Crime Labs Paid Per Conviction
If you think there is already enough corruption running through the American "justice" system get ready for some disappointment. Between police officers being incentivized to makes arrests and issue citations and prosecutors being incentivized to extract guilty verdicts through plea bargins we have a system designed to lock as many people in cages as possible. There's another group that is being incentivized to help put people in cages, crime labs:
Funding crime labs through court-assessed fees creates another channel for bias to enter crime lab analyses. In jurisdictions with this practice the crime lab receives a sum of money for each conviction of a given type. Ray Wickenheiser says, ‘‘Collection of court costs is the only stable source of funding for the Acadiana Crime Lab. $10 is received for each guilty plea or verdict from each speeding ticket, and $50 from each DWI (Driving While Impaired) and drug offense.’’
In Broward County, Florida, ‘‘Monies deposited in the Trust Fund are principally court costs assessed upon conviction of driving or boating under the influence ($50) or selling, manufacturing, delivery, or possession of a controlled substance ($100).’’
Several state statutory schemes require defendants to pay crime laboratory fees upon conviction. North Carolina General Statutes require, ‘‘[f]or the services of’’ the state or local crime lab, that judges in criminal cases assess a $600 fee to be charged ‘‘upon conviction’’ and remitted to the law enforcement agency containing the lab whenever that lab ‘‘performed DNA analysis of the crime, tests of bodily fluids of the defendant for the presence of alcohol or controlled substances, or analysis of any controlled substance possessed by the defendant or the defendant’s agent.’’

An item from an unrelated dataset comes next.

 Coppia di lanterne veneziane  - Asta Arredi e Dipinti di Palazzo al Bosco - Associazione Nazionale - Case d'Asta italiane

What's to stop a crime lab from fabricating evidence when it's directly rewarded for convictions? We have a system that is purpose built to lock people in cages. The state has a direct interest in putting as many people as it can into cages. Federal Prison Industries, better known as UNICOR, is a government owned corporation that uses prison labor to manufacture goods that all federal agencies, with the exception of the Department of Defense, must use as a primary source. A federal agencies wanting to source goods through another manufacture must get approval from UNICOR itself. In addition to its own slave labor, the state has another interest in maintaining high prison populations. Private prison operations, such as Corrections Corporation of America, hold contracts with the state that guarantee the state will provide a minimum occupancy:
A look at the CCA's annual shareholder reports over the past few years shows an aggressive business strategy based on building prison beds, or buying them off the government, and contracting them to government authorities — sometimes with decades-long contacts mandating minimum occupancy rates as high as 90 percent. Profits, after lining the pockets of shareholders, are used to create more beds and to lobby state and federal agencies to deliver inmates to fill them. The resulting facilities can be violent and disgusting.
America's "justice" system is designed, almost exclusive, to find everybody guilty. More guilty people means more cheap goods for federal agencies and reduces governmental costs by helping the state avoid contract violations with private prison operators.